Ich erinnere mich, dass ich 2006 das erste Mal meine Wohnung auf Craigslist stellte, um sie parallel zu einem längeren Auslandsaufenthalt vermieten zu können. Damals kamen die ersten Easy-Jet-Touristen nach Berlin und ich finanzierte über die Vermietung meinen gesamten Urlaub. Dass ich überhaupt acht Wochen durch die Welt reisen konnte, lag an meiner spontan ausgesprochenen Kündigung, die durch das Lesen von Holm Friebes und Sascha Lobos´ Buch „Wir nennen es Arbeit“ initiiert worden war. Darin beschrieben sie eine Zukunft, die - auf Basis der neuen Technologien – den Traum vom selbstbestimmten Arbeiten verwirklichen würde.

Sechs Jahre ist meine persönliche Befreiungsgeste mittlerweile her. Aus den anfänglich kritisch beäugten Theorien der beiden Vordenker, Friebe und Lobo, ist Realität geworden, Airbnb hat Craigslist abgelöst und ein ganzes Untervermietungsimperium geschaffen. Vor meiner Haustür werden meterweise Parkplätze an Car-Sharing-Unternehmen vergeben und auf dem Tempelhofer Feld in Berlin teilen sich Stadtmenschen Ackerland, um dieses gemeinsam zu bewirtschaften. Solche Tendenzen wirken im Angesicht des existierenden Turbokapitalismus und Individualitätsterrors irritierend und surreal. Schließlich rechnet man mit einem altruistischen Teilungsbedürfnis während einer wirtschaftlichen Krise doch als aller Letztes.
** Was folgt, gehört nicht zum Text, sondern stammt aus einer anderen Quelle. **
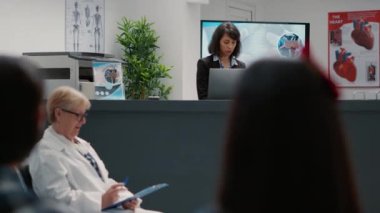 Portrait of hospital receptionist working at administrative counter to help patients with appointments. Female secretary giving support for healthcare at reception desk facility.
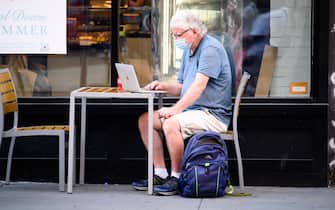 NEW YORK, NEW YORK - AUGUST 26: A person wears a protective face mask while working on a laptop at an outdoor dining area in the East Village as the city continues Phase 4 of re-opening following restrictions imposed to slow the spread of coronavirus on August 26, 2020 in New York City. The fourth phase allows outdoor arts and entertainment, sporting events without fans and media production. (Photo by Noam Galai/Getty Images)
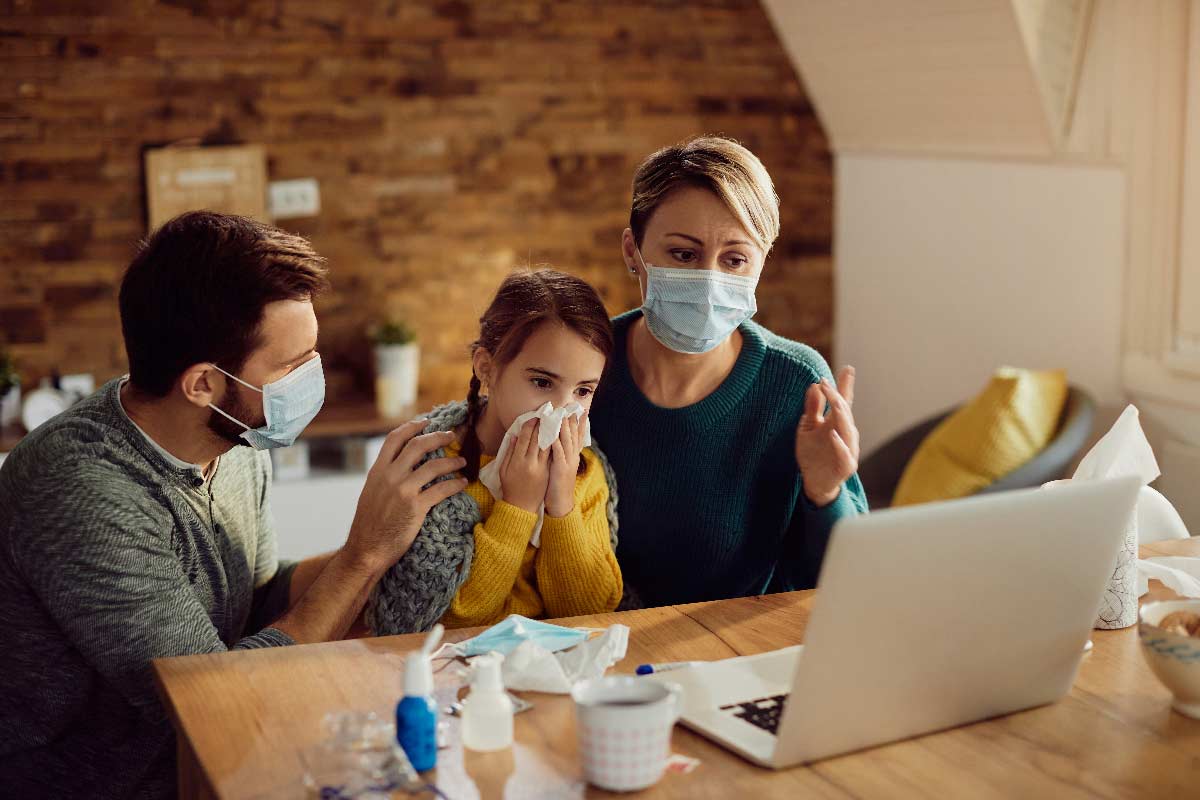 Worried family having video call with a doctor from home during coronavirus pandemic. Credit: Drazen Zigic/Freepik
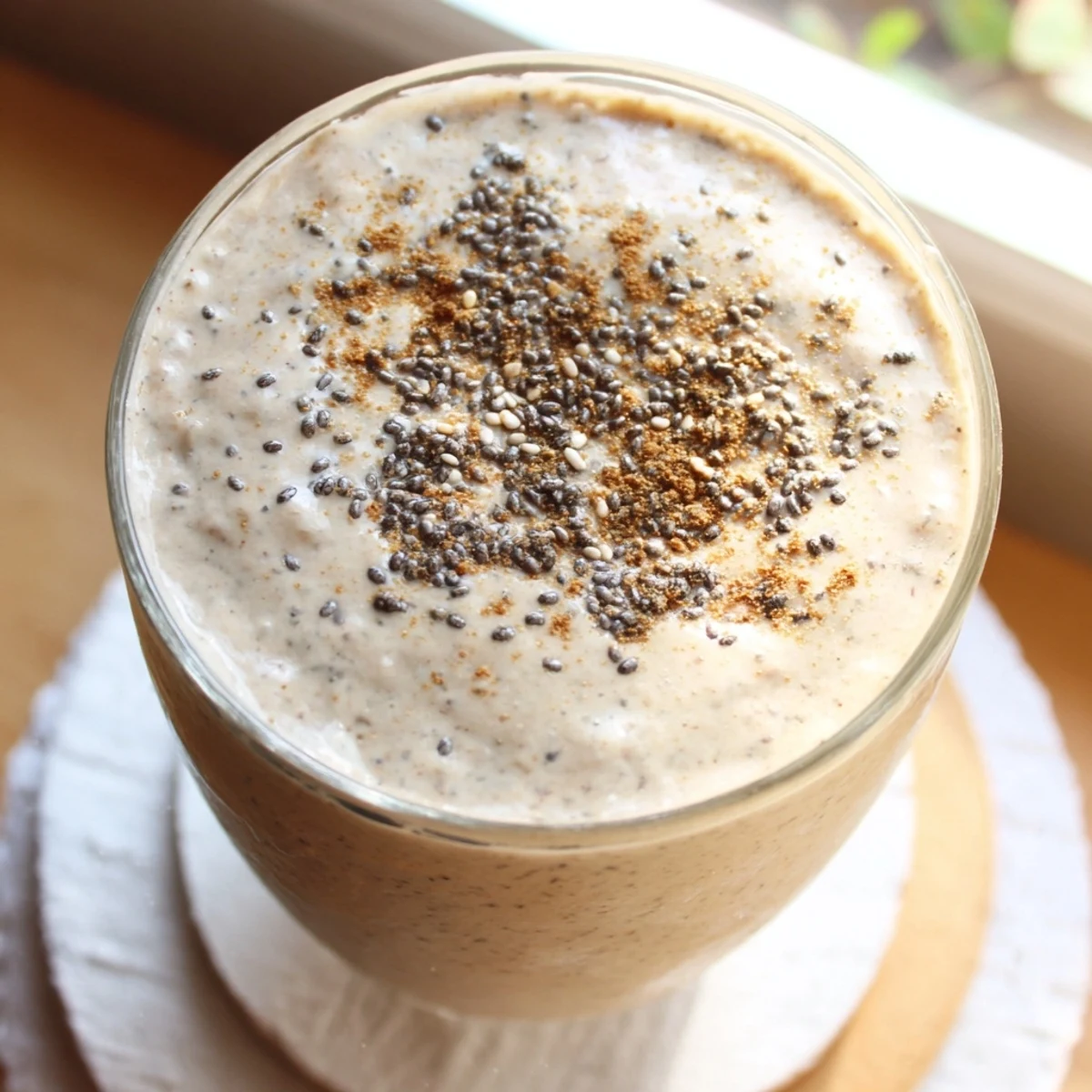 Protein-packed Greek yogurt banana smoothie in clear glasses showing the smooth beige texture and bubbles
In einer Zeit, in der man instinktiv ans Horten denken könnte und den letzten Pfennig umdrehen will, entwickelt sich, entgegen aller kulturpessimistischen Ausführungen unserer Gegenwart, ganz offensichtlich eine große Bereitschaft seinen Besitz zu teilen.
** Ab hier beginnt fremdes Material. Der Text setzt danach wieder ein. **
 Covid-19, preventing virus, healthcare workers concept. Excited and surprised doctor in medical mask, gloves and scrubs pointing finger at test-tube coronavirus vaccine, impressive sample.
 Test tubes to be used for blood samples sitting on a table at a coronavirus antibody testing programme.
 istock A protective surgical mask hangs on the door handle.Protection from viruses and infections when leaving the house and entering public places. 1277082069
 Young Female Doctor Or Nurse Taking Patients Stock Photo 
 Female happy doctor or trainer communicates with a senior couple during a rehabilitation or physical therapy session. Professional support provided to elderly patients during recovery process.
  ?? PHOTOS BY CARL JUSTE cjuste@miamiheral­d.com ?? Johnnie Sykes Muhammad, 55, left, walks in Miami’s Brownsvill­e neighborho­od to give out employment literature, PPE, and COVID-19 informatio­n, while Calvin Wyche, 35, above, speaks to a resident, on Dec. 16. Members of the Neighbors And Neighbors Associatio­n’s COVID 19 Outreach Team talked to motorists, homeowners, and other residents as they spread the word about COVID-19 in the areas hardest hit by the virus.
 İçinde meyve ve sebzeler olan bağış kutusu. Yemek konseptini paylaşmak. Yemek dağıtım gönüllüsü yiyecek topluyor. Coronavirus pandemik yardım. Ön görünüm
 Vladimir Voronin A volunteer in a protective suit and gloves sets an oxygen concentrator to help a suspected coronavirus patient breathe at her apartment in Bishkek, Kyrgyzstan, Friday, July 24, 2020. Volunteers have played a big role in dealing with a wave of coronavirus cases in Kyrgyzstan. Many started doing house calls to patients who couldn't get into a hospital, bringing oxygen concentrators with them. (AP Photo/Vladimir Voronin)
Dieser scheinbaren Widersprüchlichkeit soll sich dieses Essay widmen. Es soll die Begriffe „Besitz“ und „Teilen“ gegenüberstellen und den Menschen in seinem Verhältnis zu beiden Dingen verorten.
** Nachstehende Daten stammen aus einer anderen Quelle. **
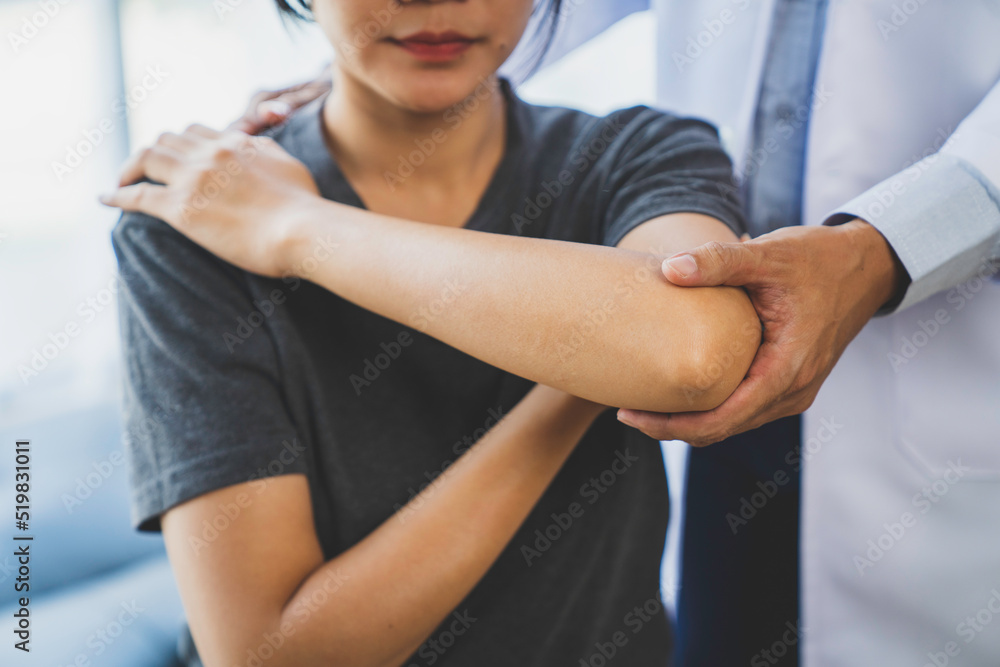 Physicians consulting patients about elbow muscle pain problem, office syndrome problems, physiotherapy diagnosis concept Physicians consulting patients about elbow muscle pain problem, office syndrome problems, physiotherapy diagnosis concept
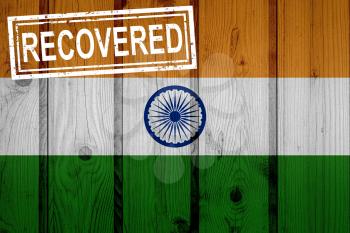 flag of India that survived or recovered from the infections of corona virus epidemic or coronavirus. Grunge flag with stamp Recovered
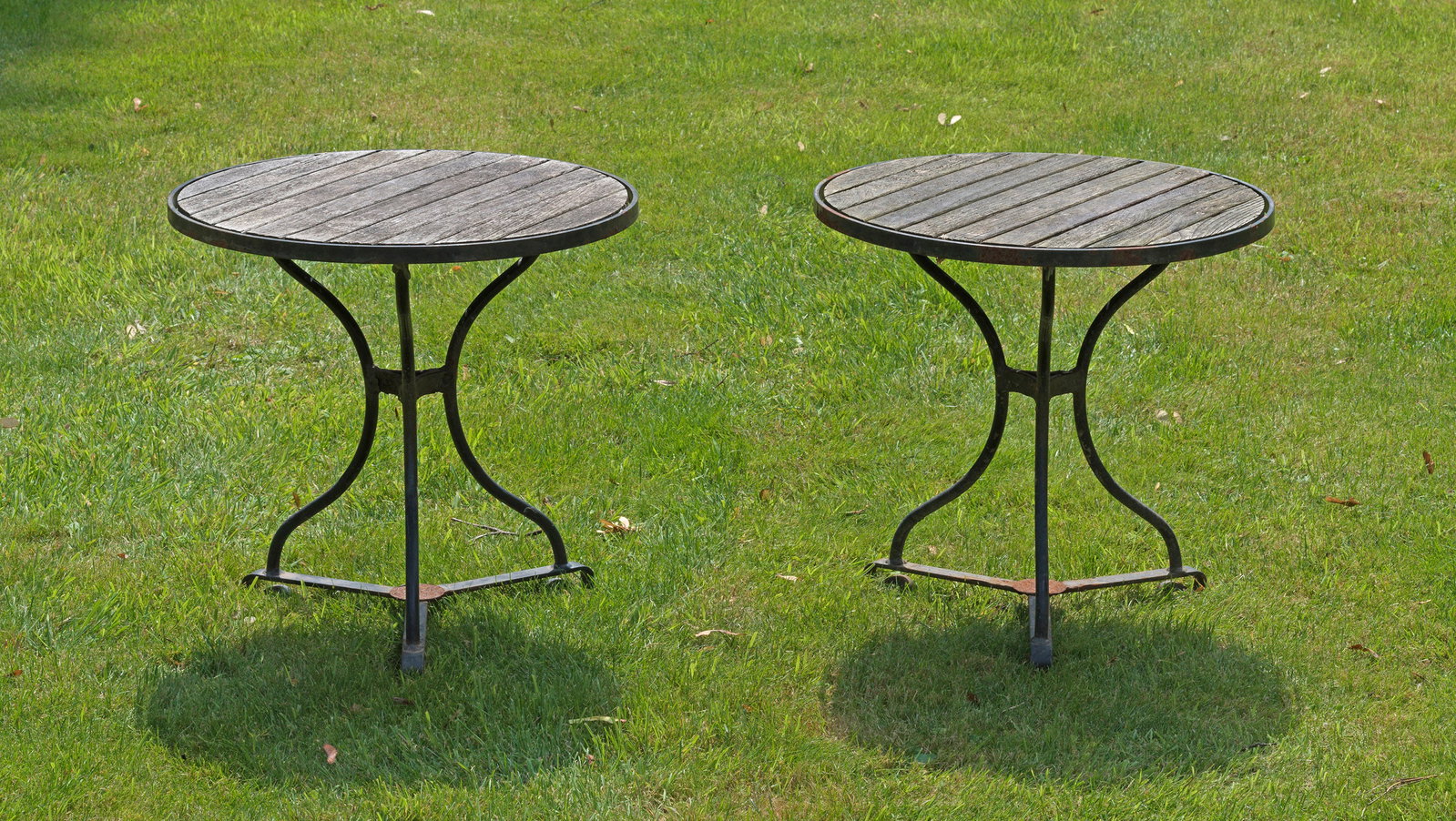 Paar Beistelltische "Fontenay" von Garpa: Plantagenteak und Eisen. Sternförmig geschwungenes, schwarz lackiertes Gestell mit runder durch Streben bebretterter Platte. Witterungsspuren und Patina. H. und D. ca. 55 cm. A pair of German round s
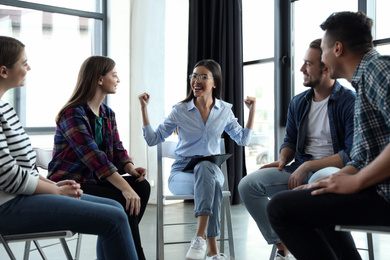 Photo of Psychotherapist working with patients in group therapy session indoors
In der juristischen Fachsprache bezeichnet der Begriff „Besitz“ eine tatsächliche Sachherrschaft. Er sagt noch nichts darüber aus, ob der „Besitzer“ jener Sache Eigentümer ist. Somit kann ein Eigentum mehrere Besitzer haben, zum Beispiel durch Leihgabe oder Diebstahl.

Sharing ist nichts anderes als eine kontinuierliche, immer wiederkehrende Leihgabe unter unterschiedlichen Besitzer. Der einzige Unterschied ist, dass das natürliche Bedürfnis Herrschaft über einen Gegenstand ausüben zu wollen, beim Prozess des Sharings gegen Null geht. Der Akt des Sharings und das Bedürfnis zu besitzen, schließen sich prinzipiell aus. Aber was bedeutet diese Tatsache für den Menschen? Wohnt ihm das Bedürfnis nach Herrschaft nicht inne? Ist der Wert eines Gegenstands nicht eng verknüpft mit dem Gefühl ihn zu besitzen? Was kann uns der Endowment-Effekt über unsere Sharing-Qualitäten verraten und brauchen wir nicht Objektbeziehungen für den sicheren Ausbau unseres Selbst?

Du bist, was Du besitzt

Der Künstler Michael Landy zerstörte 2001 seinen gesamten Besitz. Mehr als 7000 Dinge, darunter seine Geburtsurkunde und der Schaffellmantel seines Vaters, wurden in einem Schredder zerkleinert und anschließend pulverisiert.

Diese Idee hätte von mir stammen können: Auch ich träume manchmal davon vor meiner brennenden Wohnung zu stehen und alles in Flammen aufgehen zu sehen. Dieses Gedankenexperiment habe ich bereits an die hundert Mal in meinem Kopf wiederholt. Immer mit ein und demselben Ergebnis: Ich werde nichts vermissen. Mein Leben ist an keinen einzigen Gegenstand gebunden. Meine Mutter nennt diese Charaktereigenschaft gerne kaltherzig. Ich nenne mich frei.

Nach wie vor vermiete ich meine Wohnung, sobald ich in den Urlaub fahre. Wenn mein Umfeld davon erfährt, muss ich immer ein und dieselbe Frage beantworten, nämlich, was ich mit meinen „persönlichen Gegenständen“ machen werde. Meistens sage ich, dass ich vorhabe sie in eine Kiste zu packen – aber eigentlich ist das gelogen. Denn ich habe keine „persönlichen Gegenstände“ und was vielleicht gravierender ist: ich weiß nicht einmal, was das genau sein soll. Sind es Bücher, Handtücher, Unterlagen, Kleidung oder ist es die Haarbürste?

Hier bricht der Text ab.